# rattling when i hit a bump



## pearsont74 (Oct 1, 2002)

OK...just had new CV joints(axle assembles) installed and new KYB AGX with Eibach Sportline springs installed.
It drives good...except for the rattling...Its not loud or banging noise. I thinking it has to do with my steering. Honestly I dont see what could be still causing this.
Has anyone else had this issue?


----------



## WeaselWeb (Feb 25, 2004)

I just had a new axle put on not oo long ago on my '93 GXE. I had a similar problem to what you are talking about, I would hit a bump or turn and I would geta rattle or a squeal. For me it was just brake backing plate was bent when I had my axle replaced. No big, check that out, it might just be lose.

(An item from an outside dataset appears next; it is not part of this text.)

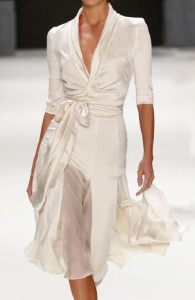 Cremini - Amelia Blue Marine Satin wrap dress with chiffon inserts in ivory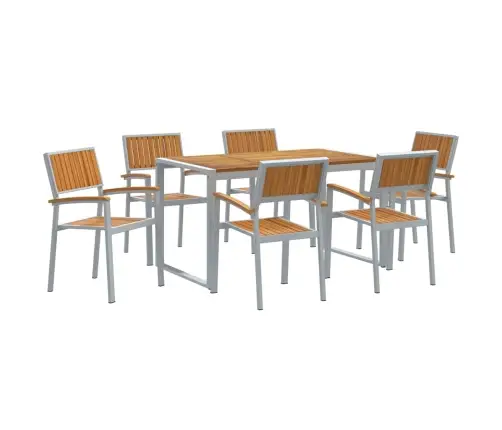 Sodo Valgomojo Komplektas 7 Pcs Pilka Ir Ruda 140 X 80 X 75 Cm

Or you might have a ball joint problem


----------



## KA24Tech (Feb 2, 2004)

Also double check to see if the springs are seated correctly and make sure they put the spring rubber sound dampener which goes between the spring and the new strut perch.

Troy


----------



## pearsont74 (Oct 1, 2002)

KA24Tech said:


> Also double check to see if the springs are seated correctly and make sure they put the spring rubber sound dampener which goes between the spring and the new strut perch.
> 
> Troy


i did the strut and spring install and i made sure the the springs were seated but since the axles was done i have to recheck..


----------



## Neil (Aug 13, 2002)

hehe i heard rattling in my car when i put in my coilovers and it turns out its the change in my ashtray rattling im assuming from the extra stiffnesss.


----------



## pearsont74 (Oct 1, 2002)

Neil said:


> hehe i heard rattling in my car when i put in my coilovers and it turns out its the change in my ashtray rattling im assuming from the extra stiffnesss.


lol
this is definitly coming from the front...outside of the car around the wheels


----------



## KA24Tech (Feb 2, 2004)

pearsont74 said:


> lol
> this is definitly coming from the front...outside of the car around the wheels


Also double check the sway bar endlinks. Sometimes they don't get tightened all the way. 

Troy


----------